Tune Out, Turn Off… PDF E-mail
Mary M. Phelan   
Friday, 16 November 2007
 
No sooner has the tsunami-size wave of new tech communications devices become de rigor for every business person than the next newest thing is to unplug ourselves and overcome our raging addiction to constant communication with, well, everything and everyone.

 

If you read Alex Williams’ “Too Much Information? Ignore It,” the lead story in the Sunday Styles section of The New York Times, you already may be panting your way through “The 4-Hour Workweek,” motivational guru Timothy Ferriss’ best-selling book. It’s reported that even as Silicon Valley’s work-enslaved entrepreneurs yearn for less work and just a little play, Mr. Ferriss is globe-trotting through weeks of exotic travel and adventure, having outsourced his own business tasks (presumably except for 4 hours a week) to others.

 

Well who wouldn’t want to read about that? Me for one. Not because it’s not appealing, but because it has to be impossible.
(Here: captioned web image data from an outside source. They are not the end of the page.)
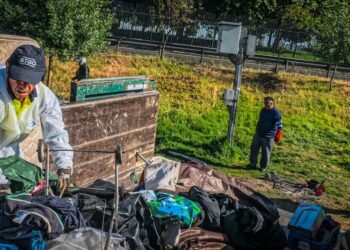 Municipalidad de Santiago refuerza los operativos para sacar la basura.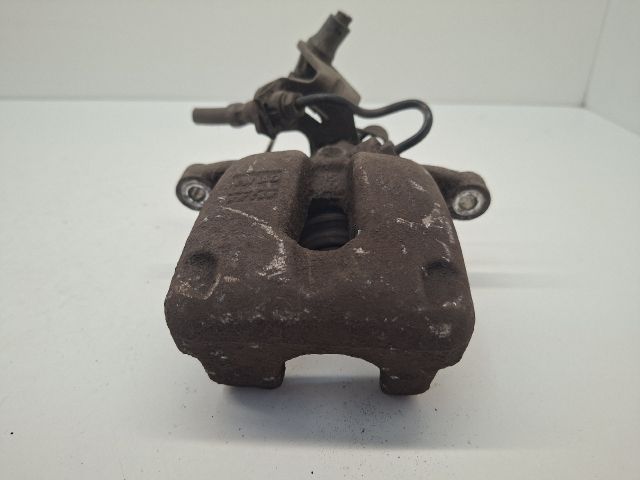 bontott VW GOLF VI Jobb hátsó Féknyereg Munkahengerrel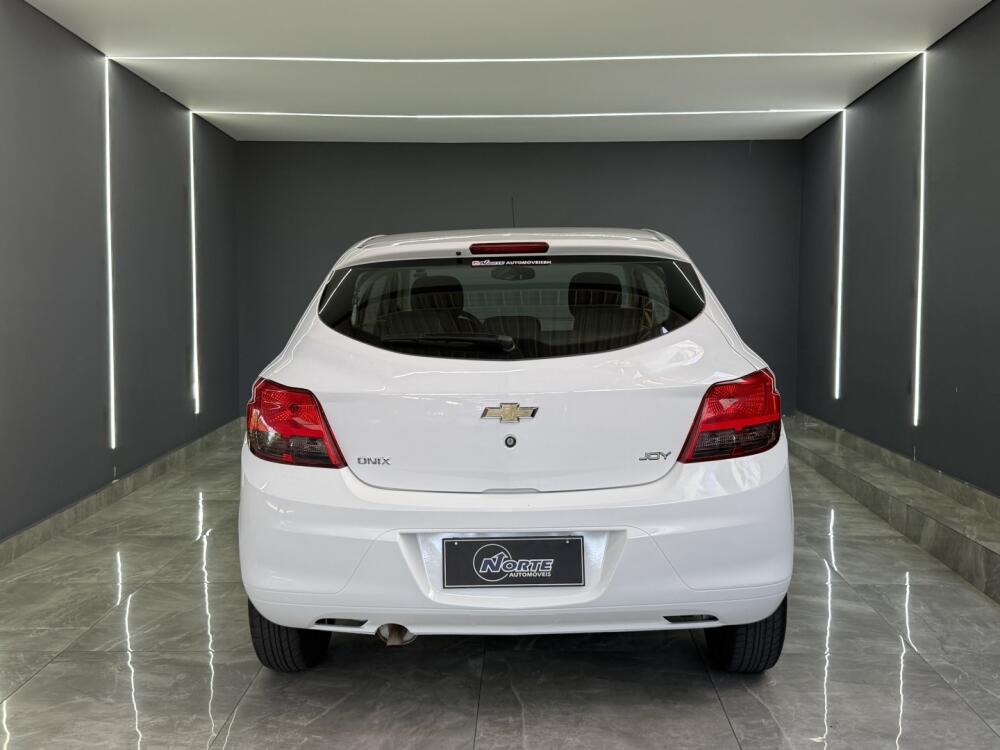 Chevrolet Onix Hatch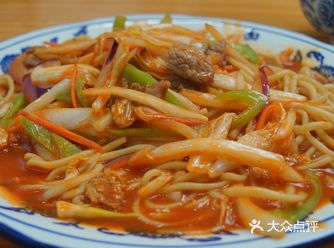 今天来吃「牛肉炒拉面」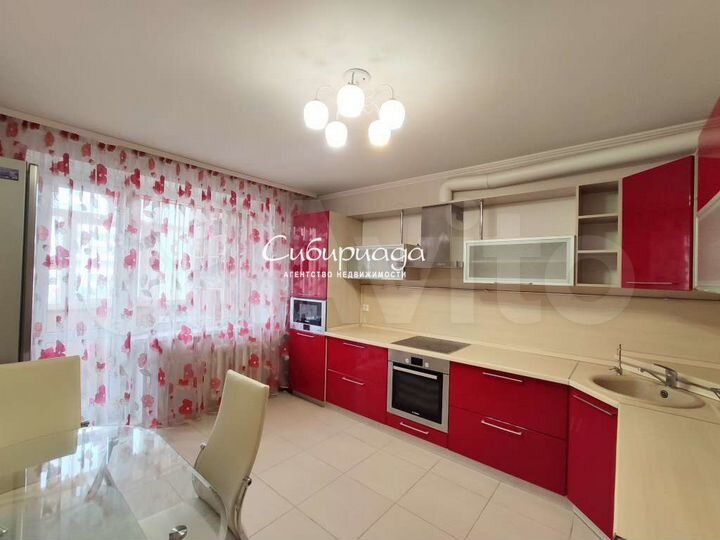 3-к. квартира, 90,7 м², 3/10 эт.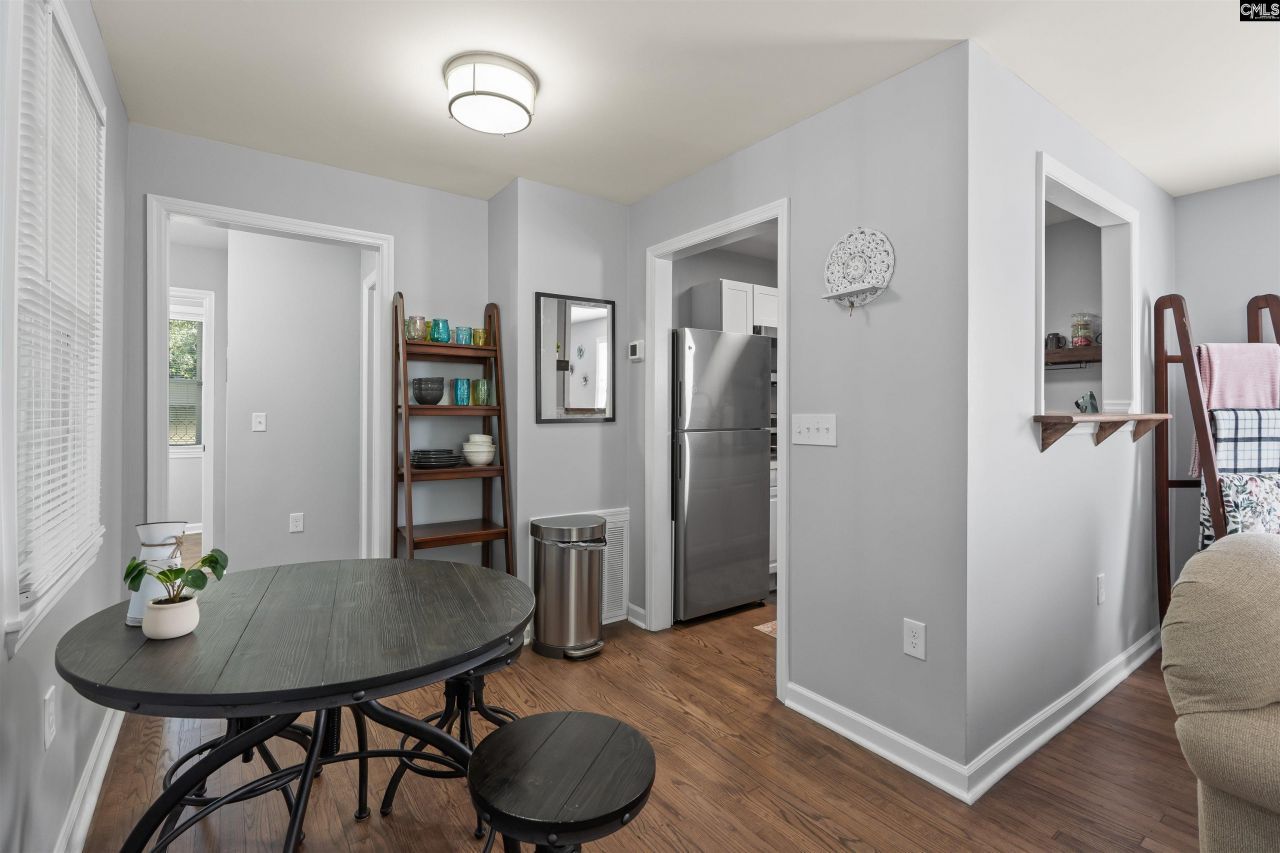 1111 Rumar Street  Photo 23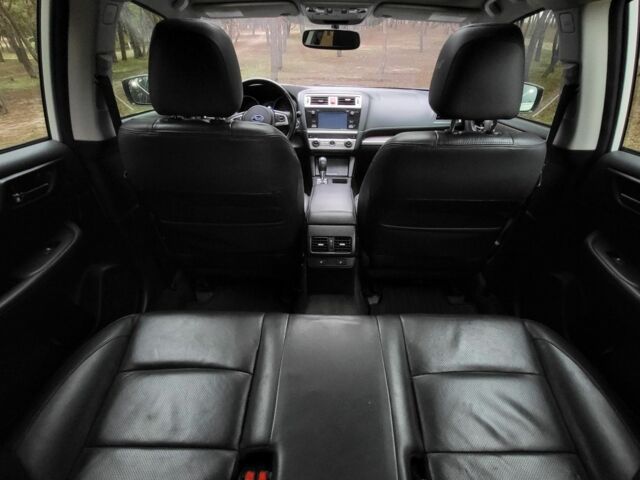 Білий Субару Аутбек, об'ємом двигуна 2.5 л та пробігом 178 тис. км за 13200 $, фото 6 на Automoto.ua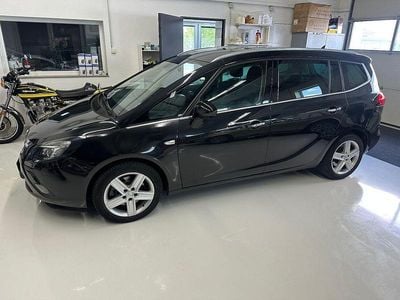 Schwarz Gebraucht 2012 Opel Zafira Tourer Innovation Van / Kleinbus | 3.980 € (Guter Preis)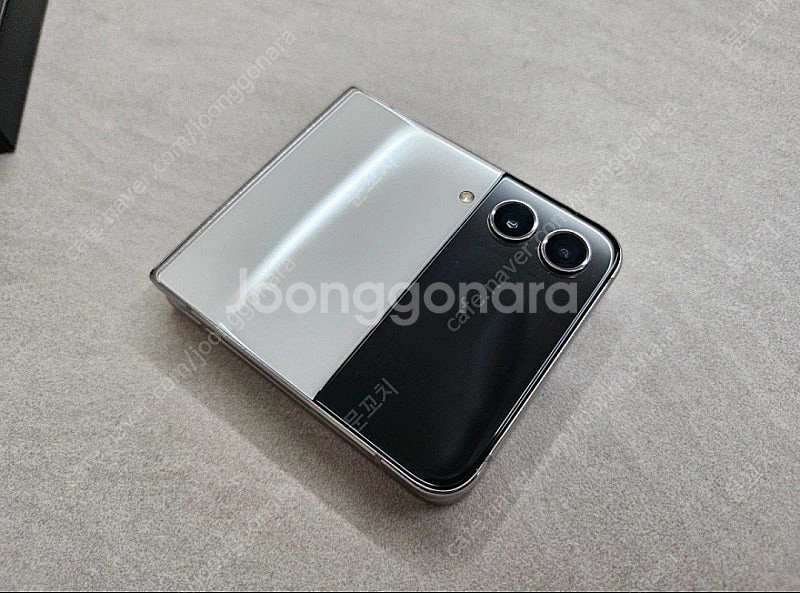 광주) 갤럭시 Z플립4 256GB 화이트 중고 판매합니...--8
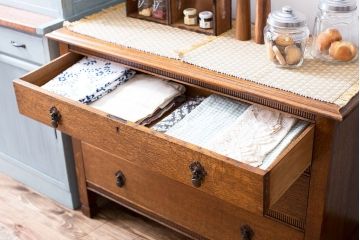 アンティーク家具　イギリスアンティーク　オーク材　小振りなチェスト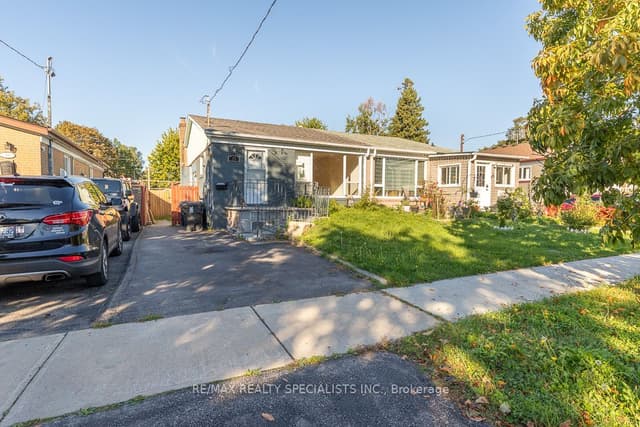 Semi-Detached at 17 Huddleston Court, Toronto, ON M1L 4L1, Toronto E04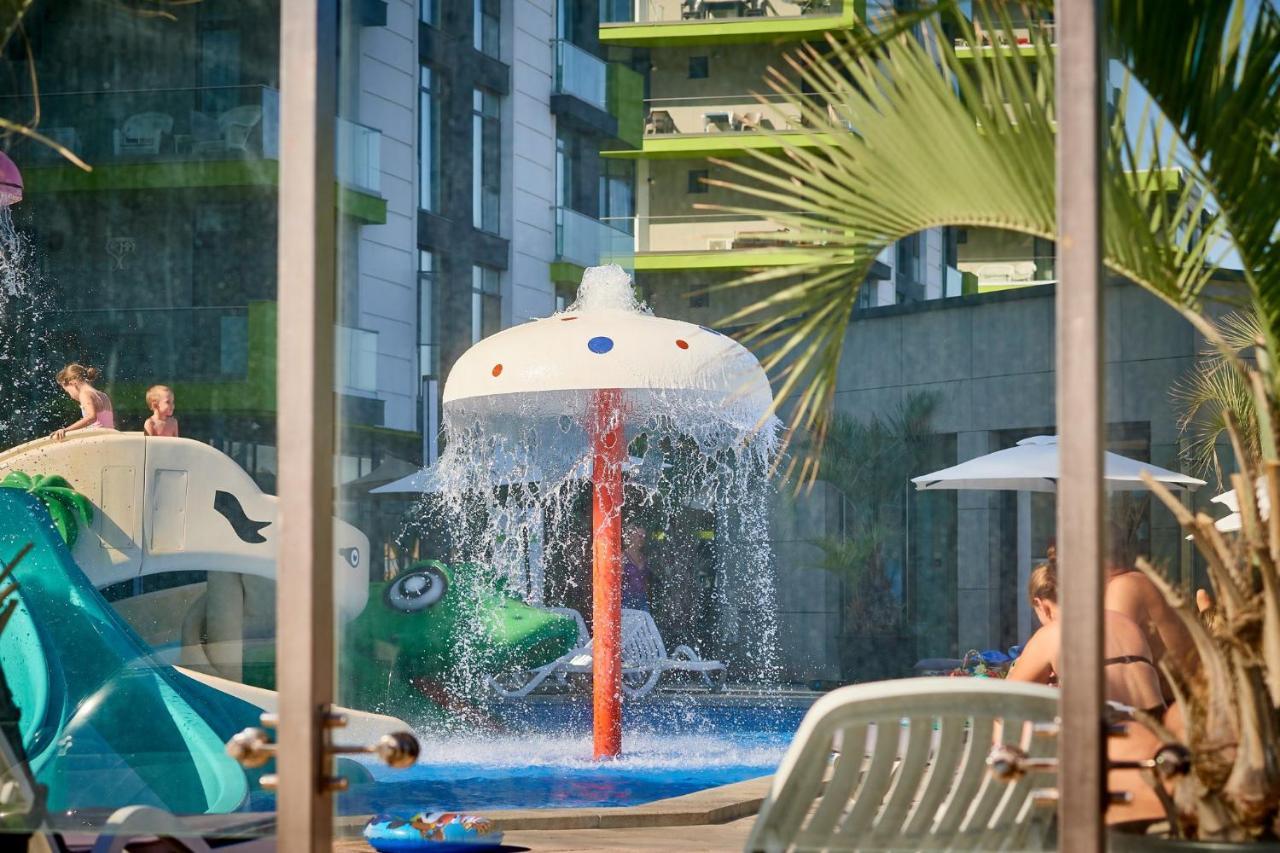 Sunrise Aparthotel Pool & Spa Mamaia Nord Năvodari Exterior foto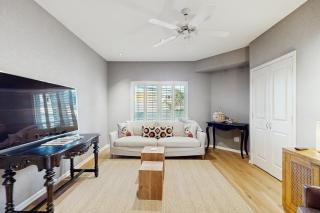 Getaway to Horseshoe Bay - 1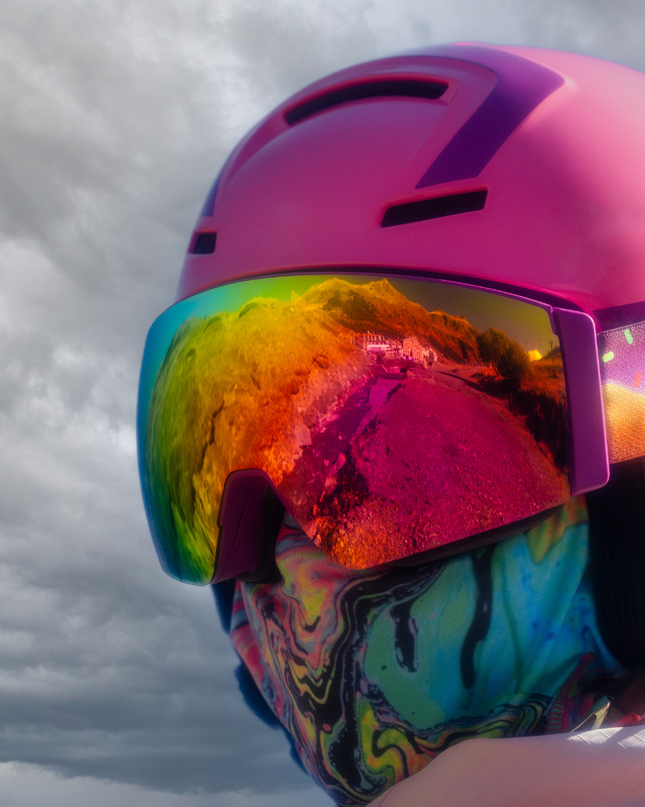 Imagen de una mujer con las gafas de esquí Sweet Avalanche un día nublado.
How would it be to have other people, often in other countries, responsible for the remaining 36 (or 46, or 56) hours the workweek, and still call it “my” business? Precarious, to say the least. Mr. Ferriss is said to have “even hired low-paid, high-skilled workers abroad to find him dates on line. (And it worked.)” Now there’s a real risk-taker at heart.

 

Don’t mistake me—and don’t mistake the clever “4-Hour” title, which is seductive in itself. There’s a lot to be said for trimming back the constant flow of information, so much of which is irrelevant and innocuous. If we’re going crazy with it (I am SOOO busy!), look to ourselves for the cause. We can, with a bit of self discipline, edit our intake and save a lot of precious time. (Which, when you think about it, is the only thing any of us really owns.)

 

So Mr. Ferriss is on to something. Still, he worries me. Williams says that Ferriss’ methods “include practicing ‘selective ignorance’—tuning out pointless communiqués, random Twitters, and even world affairs (Mr. Ferriss says he gets most of his news by asking waiters).”

 

Help! That kind of extreme tune-out makes for ill-informed citizens, which leads to lousy government. So please, do tune out the extraneous, but turn on the essentials. Waiters can be interesting resources for food news, but for world affairs, please go to NPR, or at least CNN.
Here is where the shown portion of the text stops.